Marc entró en la habitación y la puerta fue cerrada pesadamente por dos soldados que, de pie, la flanquearon montando guardia. El cabo permaneció fuera, sentado con semblante paciente en un banco a la espera de que el encuentro acabara. Desde donde estaba, debido sobre todo al grosor de la puerta, no podía escuchar nada de cuanto sucedía en el interior de la habitación, aunque no tardó en oír algún que otro grito de enfado.
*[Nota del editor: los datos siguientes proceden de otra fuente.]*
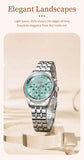 Luxury Fashion Brand Waterproof Luminous Multifunctional Chronograph Quartz Ladies Watches With Box - Ideal Gifts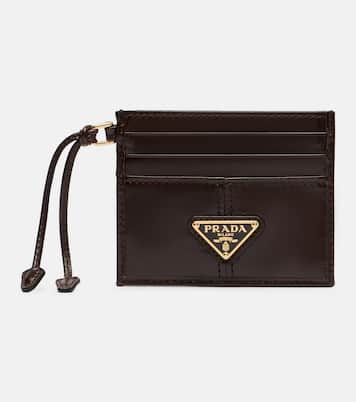 Kartenetui aus Leder | Prada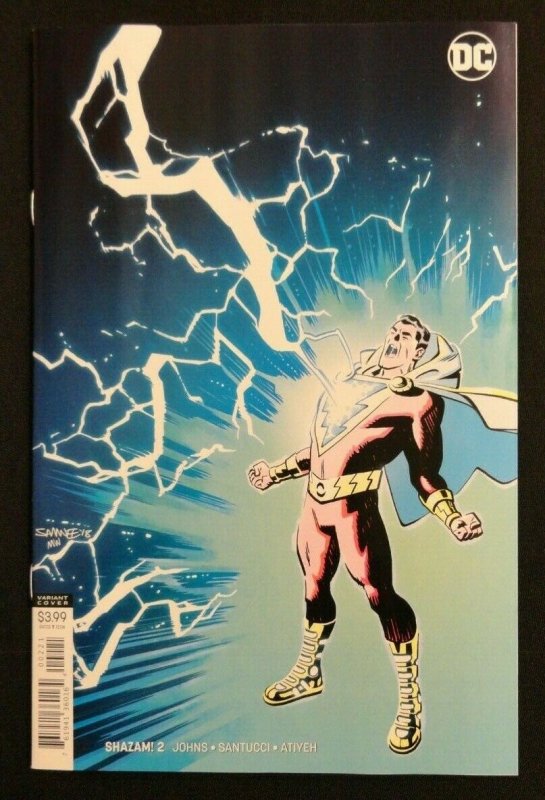 Shazam! #2 Dale Eaglesham Cover A + Variant Chris Samnee Cover B NM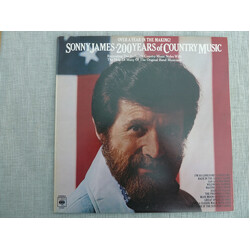 Sonny James 200 Years Of Country Music Vinyl LP USED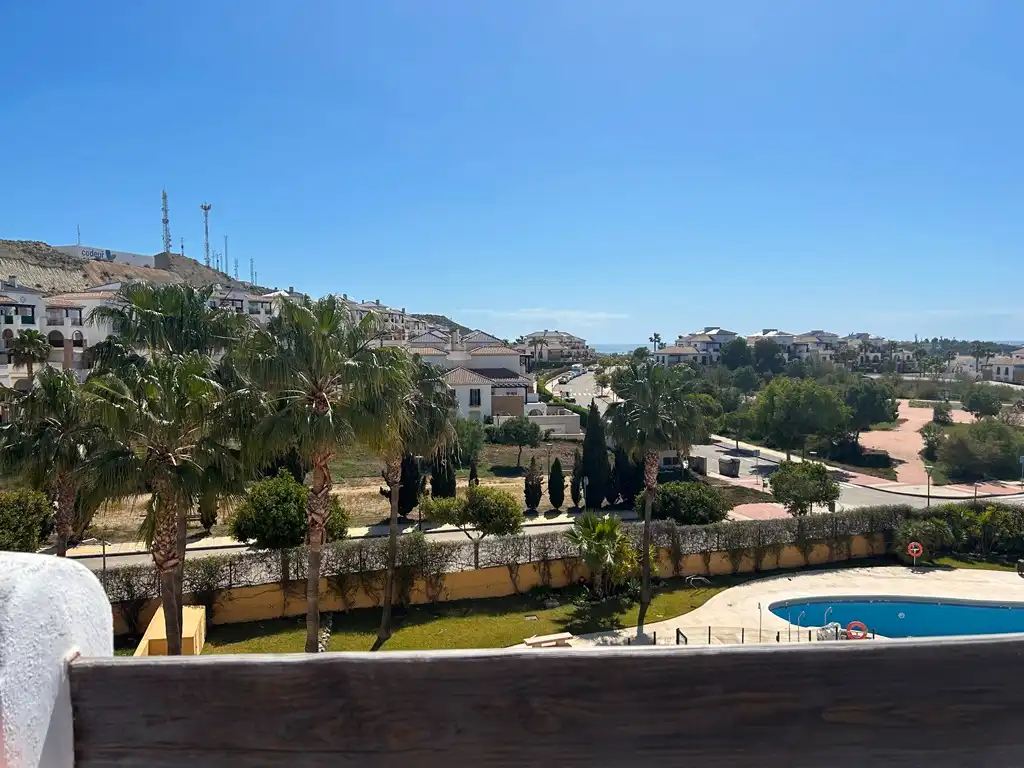 Außenansicht von Wohnungen zum Verkauf in Vera mit Klimaanlage, Heizung und Terrasse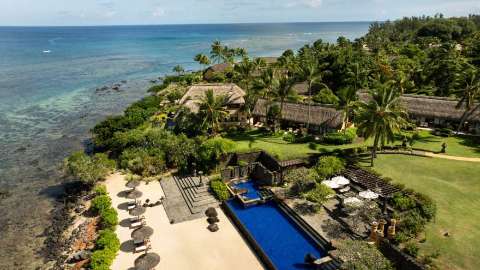 Accommodation - The Oberoi Beach Resort Mauritius - Pool view - Mauritius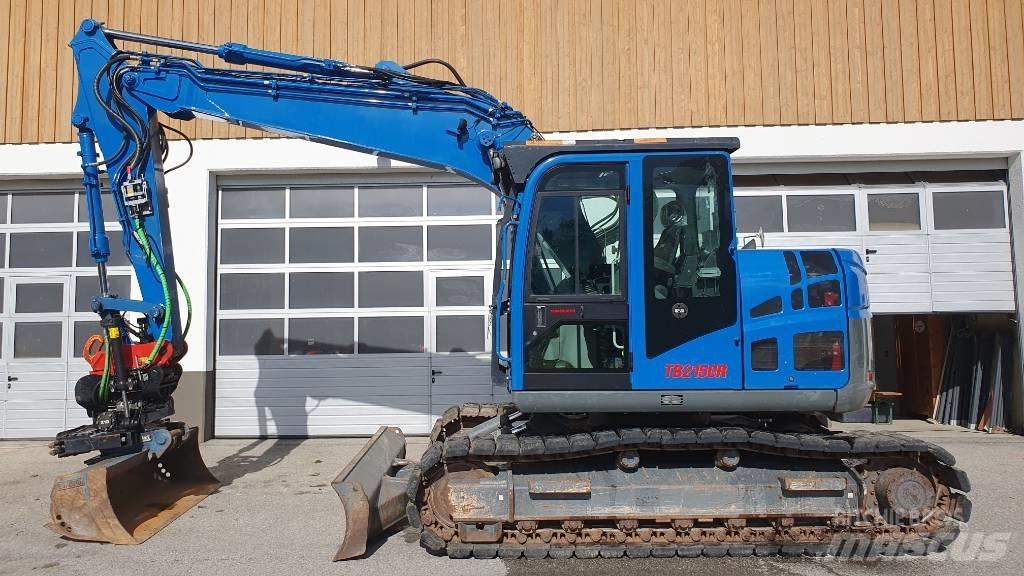 Takeuchi TB 2150 R 대형 굴삭기 29톤 이상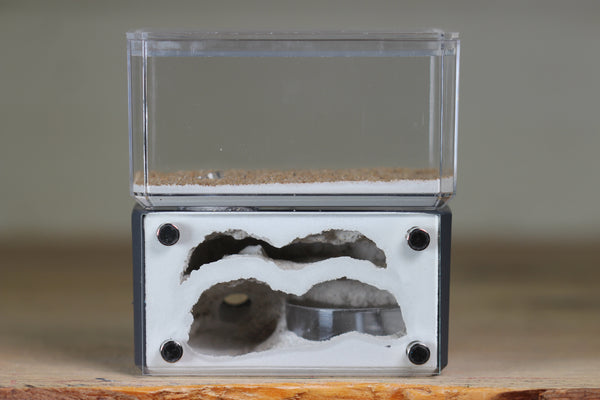Mini Hearth, Bifurcated (Grey 715)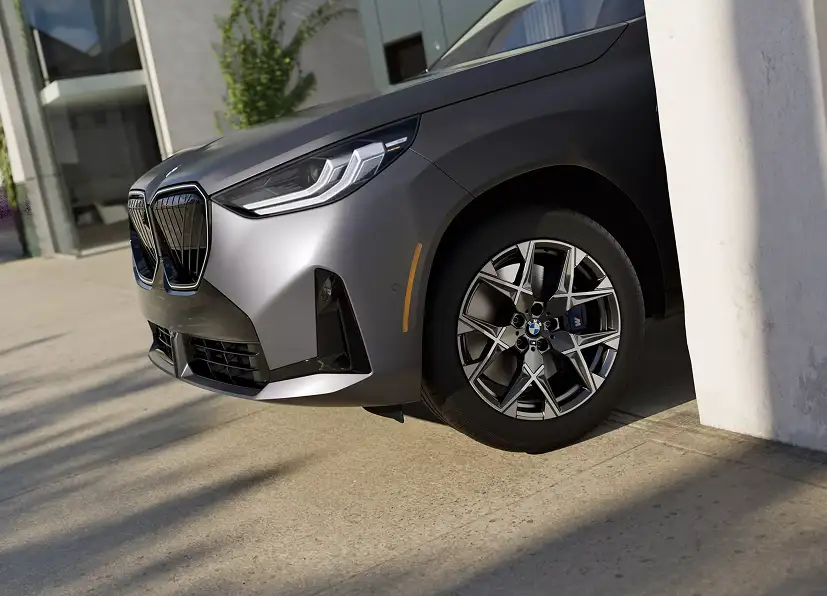 BMW X3 Dynamic Damper Control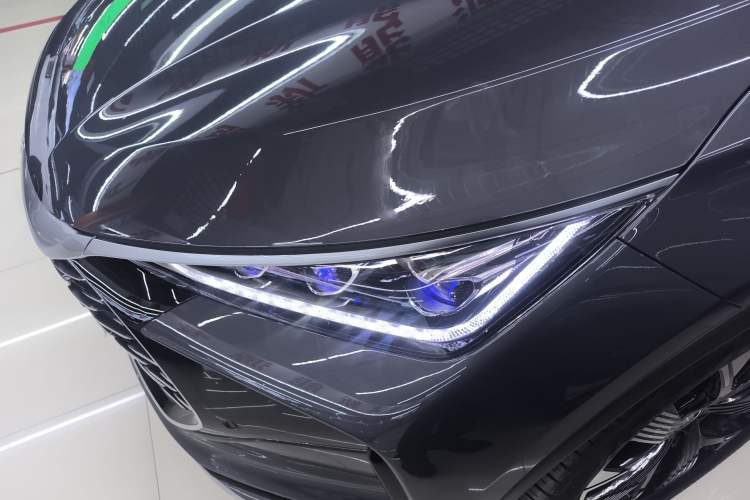 Used BYD Tang New Energy 2024 DM-i Glory Edition 112KM Flagship Model Left Front Headlight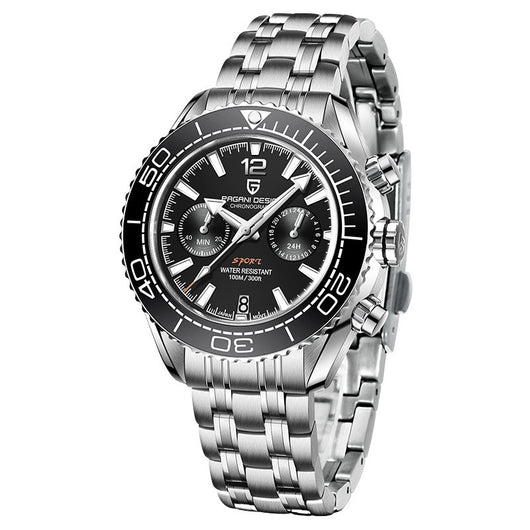 Reloj de Cuarzo para Hombre con Calendario de 24 Horas e Iluminación Nocturna - Image 14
Estuviera sucediendo lo que estuviera sucediendo, parecía que la conversación había dejado de ser cordial por las dos partes.

Debieron de pasar unos minutos más cuando escuchó con claridad el ruido de lo que debía de ser el ventanal que daba al patio rompiéndose e, instantes más tarde, los disparos de un arma de fuego.

El cabo se levantó con rapidez, dirigiéndose a la puerta, donde los dos soldados apostados junto a ella permanecían de pie, petrificados, incapaces de tomar una decisión al respecto.

—Vamos, cobardes del demonio —les urgió el cabo—, ¿a qué esperan? ¡Abran la condenada puerta de una vez!

Los dos soldados intentaron abrir la puerta sin resultado alguno.

—Está cerrada desde el interior —concluyó uno de ellos.

—Ya lo veo. Pues échenla abajo —insistió el cabo, mostrando maneras de futuro sargento.

Tras un largo minuto, la puerta seguía en pie, aunque no tardaron mucho en unirse varios soldados más, al escuchar los gritos y el estruendo. Poco tiempo después lograban entrar, aunque el panorama no podía ser más desolador.

Por la superficie de toda la habitación aparecían esparcidos restos humanos, y la sangre parecía haber tiznado suelo y paredes en lo que debía de haber sido una orgía destructora. El cuerpo del general, o lo que quedaba de él, estaba irreconocible. Solo los galones de la chaqueta parecían indicar la identidad de los restos de su poseedor. El rostro estaba destrozado, desfigurado, mientras que del cuerpo únicamente se había salvado el tronco; el resto de extremidades estaban dispersas aquí y allá, encima del escritorio un brazo, sobre el sofá una pierna…

Boca abajo, sangrando también, y en apariencia inconsciente, estaba el general hispanoamericano que había acudido de visita. Presentaba claros síntomas de haber sido atacado y estaba igualmente cubierto de sangre.

—¿Está vivo? —preguntó uno de los soldados que acababa de entrar, mientras de fondo se escuchaba el sonido de varios de sus compañeros vomitando al contemplar la escena.

—No lo sé —respondió el cabo—. Pero salgan ahora mismo a buscar al condenado zombi que hizo esto y asegúrense de que pague por ello.